I haven't written about chickens in a while, so the vicarious poultry keepers will get their time today.
We lost one chicken over the fall, Lucy, named after C.S. Lewis' character from The Lion, The Witch and the Wardrobe. She didn't sit on her perch for a few weeks, then one morning fell down the coop steps. She died that afternoon. She had always been the chicken apart. The other three would scurry about in a little cluster and she would either be 20 feet behind or off somewhere else completely. She was lowest in pecking order and Ursula made sure that she remembered that, body checking her away from the best snacks.
Athena is out pet chicken, she barely lays. If this were a real farm she would have been soup long ago.
She is currently the lowest in the pecking order, and during the prime summer laying season she would lay a couple of times a week, maybe. She has the most attitude though. She makes it very clear that this snow was not requested and that she commands that we send it and the low temperatures back to Canada where they belong. She resists being put into the chicken run every morning, wanting to stroll about, tempting fate and the neighbors' over-sized dogs. Rules are for the other chickens.
The other two Paisley and Ursula, lay their share and a bit more. Paisley is a homebody, who can usually be found within a few yards of the food dish, even if the gate is open. Ursula has found every escape route available out of the run and will casually scratch about the yard in the afternoon. She seems perfectly happy to hang out in the run in the morning, but late afternoons are for freedom.
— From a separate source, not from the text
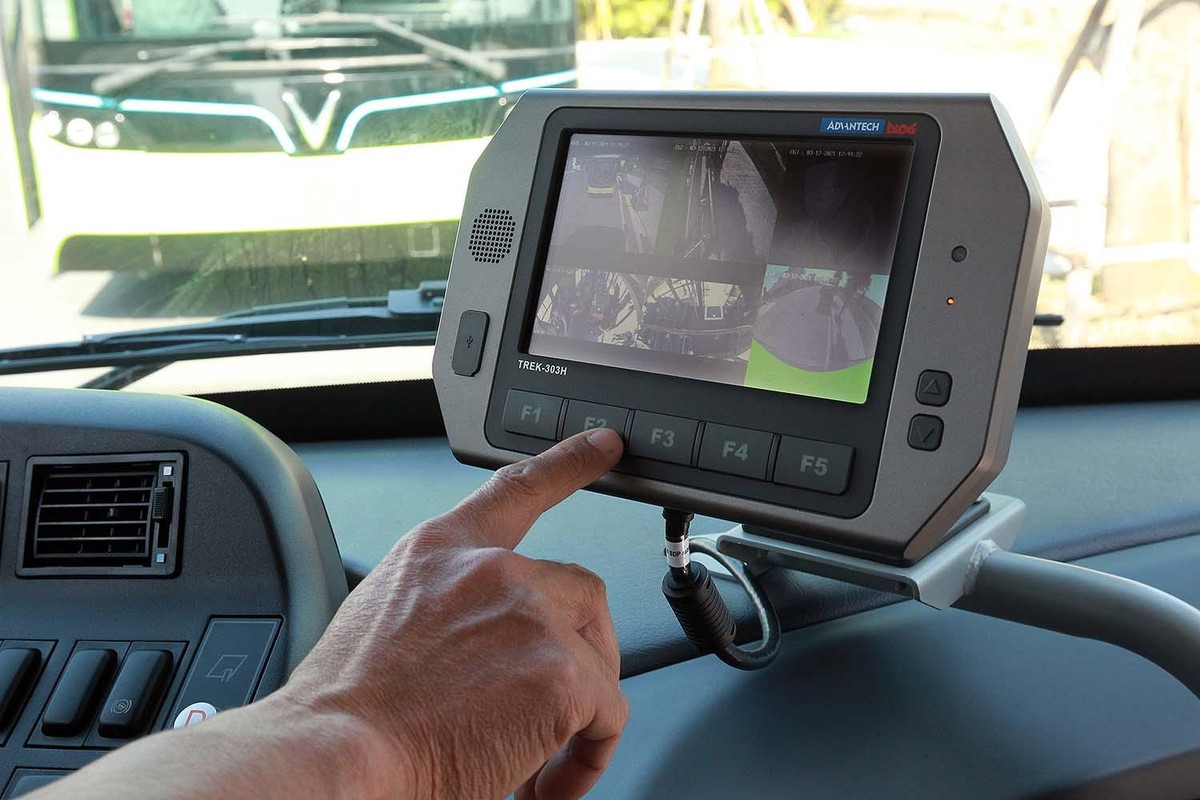 Màn hình điện tử thông minh hỗ trợ lái xe từ thông báo định vị, tuyến đường đến camera quan sát toàn bộ phía trong, phía ngoài xe và hành khách trên xe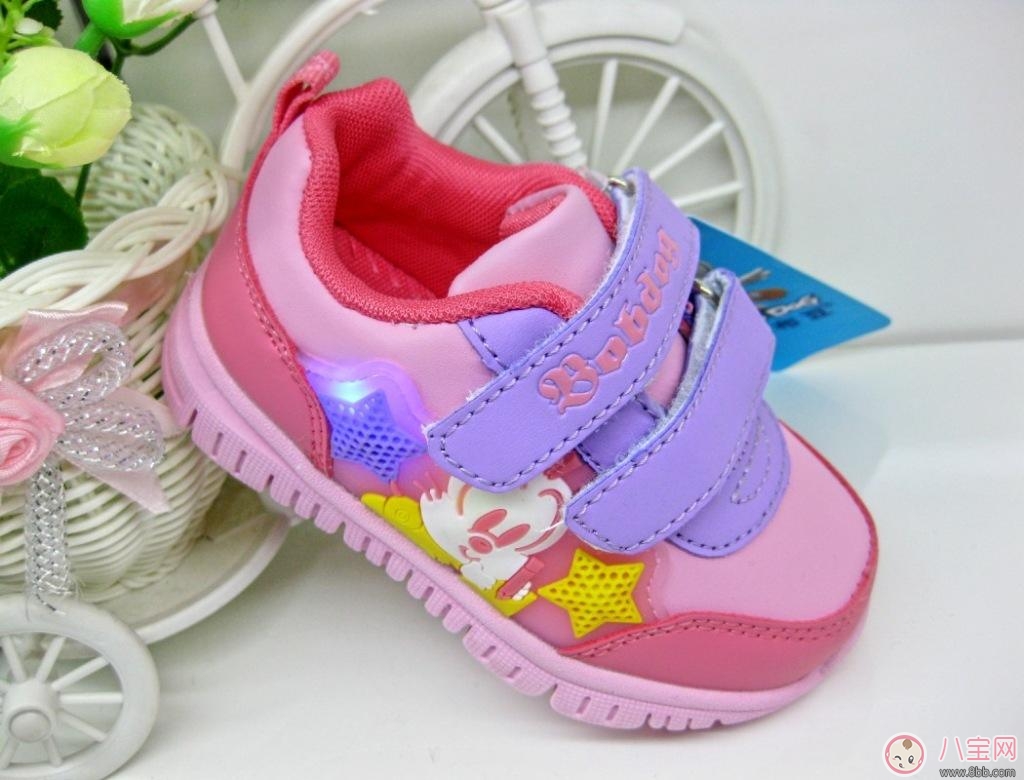 婴幼儿|宝宝学步鞋如何选择 选择宝宝学步鞋注意事项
This spring we are considering getting a few new chicks, since we are down one and one of the remaining girls doesn't pull her weight in egg production. They are also really cute for two whole weeks. My daughter has already named two, one will be Bob, not Bobbi Jean, or Bobbi Jo, or Bobbette, just a hen named Bob. Bob is to be a Cochin, a basketball shaped chicken with feathered feet. She thinks it's funny, and well, it is.
The second will be Freya, after a a Norse love goddess whose carriage is pulled by two cats, a fitting name for our egg laying hen. The question is: Will having Freya and Athena together cause a goddess power struggle? My daughter believes that Freya should be a Wyandotte, but I'm not sold on it.
The third (you have to get several chicks at a time, they huddle to stay warm, if they can't huddle then they would probably die.) is unnamed. I'm thinking she should be a ginormous Brahma and we should give her a Hindi name. My daughter doesn't want a Brahma, but won't say why.
Any ideas for chicken breeds or funky names (we don't do ordinary)?
About all of this my husband just shakes his head and says, "You really want to do this????" Thinking of all of the tears from the fire, and the lost girls now buried under the quince bush and behind the shed and all of the work and hassle involved in keeping the little chicks alive.
I guess it's like what they say about childbirth, that you just forget the pain and do it all over again.